Check and Validate your Targets

You can use prometheus-http-sd check command to test your targets dir. It will run all of you generators, validate the targets, and print the targets count that each generator generates.

$ prometheus-http-sd check test/test_generator/root
[2022-08-06 00:50:11,095] {validate.py:16} INFO - Run generator test/test_generator/root/json/target.json, took 0.0011398792266845703s, generated 1 targets.
[2022-08-06 00:50:11,100] {validate.py:16} INFO - Run generator test/test_generator/root/yaml/target.yaml, took 0.0043718814849853516s, generated 2 targets.
[2022-08-06 00:50:11,100] {validate.py:22} INFO - Done! Generated {total_targets} in total.

It's a good idea to use prometheus-http-sd check in your CI system to validate your targets generator scripts and target files.

For Python script, prometheus-http-sd check command will run generate_targets in each script, without any params. However, you can overwrite the check logic by providing a function called test_generate_targets()(without any function args), then check will run test_generate_targets instead. (So you can call generate_targets(foo="bar") to set the test logic of your own.

Script Dependencies

If you want your scripts to use some other python library, just install them into the same virtualenv that you install prometheus-http-sd, so that prometheus-http-sd can import them.

Update Your Scripts

If you want to update your script file or target json file, just upload and overwrite with your new version, it will take effect immediately after you making changes, there is no need to restart prometheus-http-sd, prometheus-http-sd will read the file (or reload the python script) every time serving a request.

It is worth noting that restarting is safe because if Prometheus failed to get the target list via HTTP request, it won't update its current target list to empty, instead, it will keep using the current list.

Prometheus caches target lists.

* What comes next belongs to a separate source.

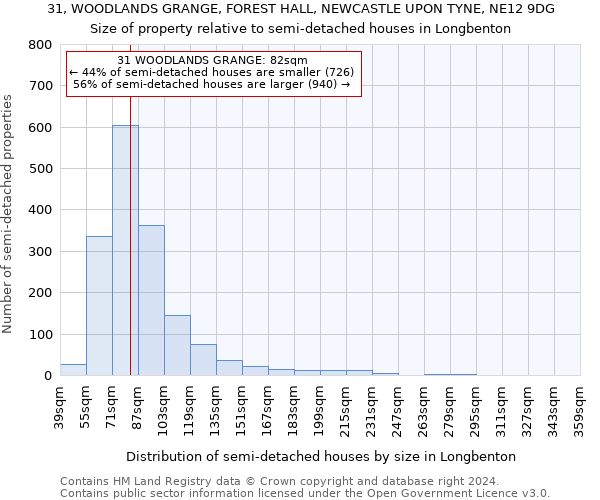 31, WOODLANDS GRANGE, FOREST HALL, NEWCASTLE UPON TYNE, NE12 9DG: Size of property relative to detached houses in Longbenton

If an error occurs while fetching an updated targets list, Prometheus keeps using the current targets list.

For the same reason, if there are 3 scripts under /targets/mysystem and only one failed for a request, prometheus-http-sd will return a HTTP 500 Error for the whole request instead of returning the partial targets from the other two scripts.

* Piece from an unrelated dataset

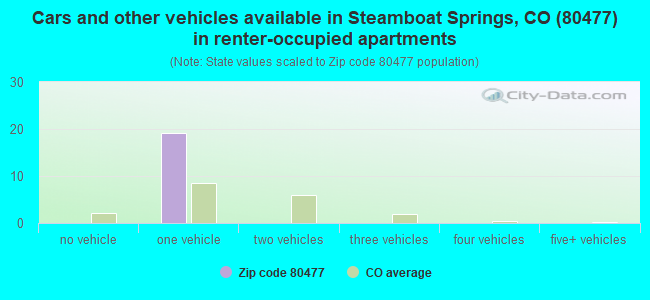 Cars and other vehicles available in Steamboat Springs, CO (80477) in renter-occupied apartments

Also for the same reason, if your script met any error, you should throw out Exception all the way to the top instead of catch it in your script and return a null TargetList, if you return a null TargetList, prometheus-http-sd will think that your script run successfully and empty the target list as well.

You can notice this error from stdout logs or /metrics from prometheus-http-sd.

Debug Your Scripts

Debug script latency.

You can add ?debug=true at the end of your target url to see the time cost of each generator of a path.

For example:

curl http://127.0.0.1:8080/targets/echo_target\?debug\=true
{"generator_run_seconds":{"./test/app_root/echo_target/sleep2_target.py":2.005011796951294,"./test/app_root/echo_target/sleep_target.py":3.00480318069458,"./test/app_root/echo_target/target.py":0.0009987354278564453}}

Best Practice

You can use a git repository to manage your target generator.